Tu te souviens du premier disque que t'as chouré ?


 

Bien sûr que non, j'ai pas de mémoire à plus de 5 ans, mais si j'invente un peu pour que tu puisses rebondir, je dirais... Phallus Deï, à Gibert ou peut-être le live de John Handy à Monterey. J'ai toujours du mal avec les voix, j'ai du mal à partir quand ça cause. Il faut savoir se taire. Et c'est aussi valable pour toi.

J'imagine que tu as eu ta période keupon ?

Je suis resté bloqué en 73, donc non. Et je suis très strict là-dessus. Après, je crache pas sur les Stooges, Dirt fait toujours très mal, ni sur Townshend, parfois. Je consomme violemment du garage aussi. Tu connais Quatrain ? Après, faut reconnaître que personne ne dépassera jamais les Pretty Things. Et puis dans le 12ème, la révolution a du mal à prendre, c'est étrange. Oui, à part la guillotine, je sais.

Comment as tu commencé la musique ?

Comme un jeune con, j'ai entendu Hendrix, 30 ans après sa gerbe, et forcément, j'ai acheté une folk.
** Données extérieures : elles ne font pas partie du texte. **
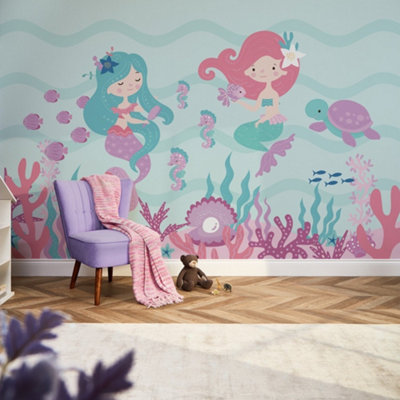 I Love Wallpaper The Magical Mermaids Mural In Pink And Teal (350Cm X 240Cm) from B&Q
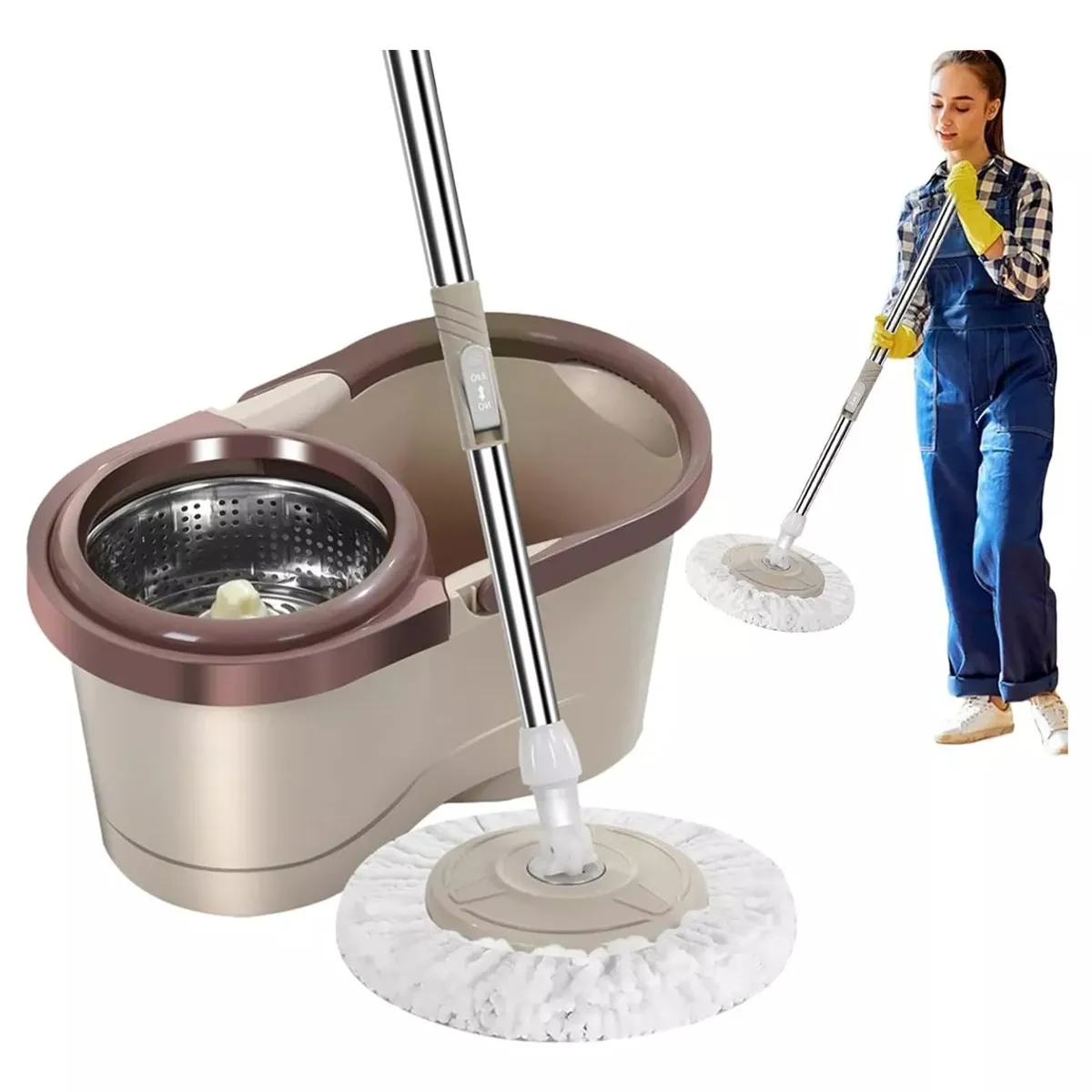 GENERICO - Mopa Giratoria 360 Con Balde Escurridor Marron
Rapidement, je suis tombé amoureux de Soft Machine, et je me suis dit que j'avais fait une belle connerie.


Vu ton hérédité, j'imagine que tu as fait le conservatoire ?

Au contraire. Pour faire le rebelle, je me suis mis en tête de ne jamais apprendre. J'ai bien cédé quelques semaines, au début, pour savoir comment plaquer la main gauche -Au coeur de la nuit, la loose-, mais j'ai lâché tout de suite. Plus grave, et par peur panique de la récupération, j'ai refusé pendant longtemps de bosser des reprises. Composer, tout de suite, sans les outils. Trop con pour savoir que le Dead était à la base un groupe de blues. Et je sais que tu écriras jug band pour faire le malin. Depuis, aucun progrès à noter. Et c'est là toute ma gloire.

Tu prépares quoi en ce moment ?

Je commence à réfléchir à réarranger mes premières démos. Si je les retrouve.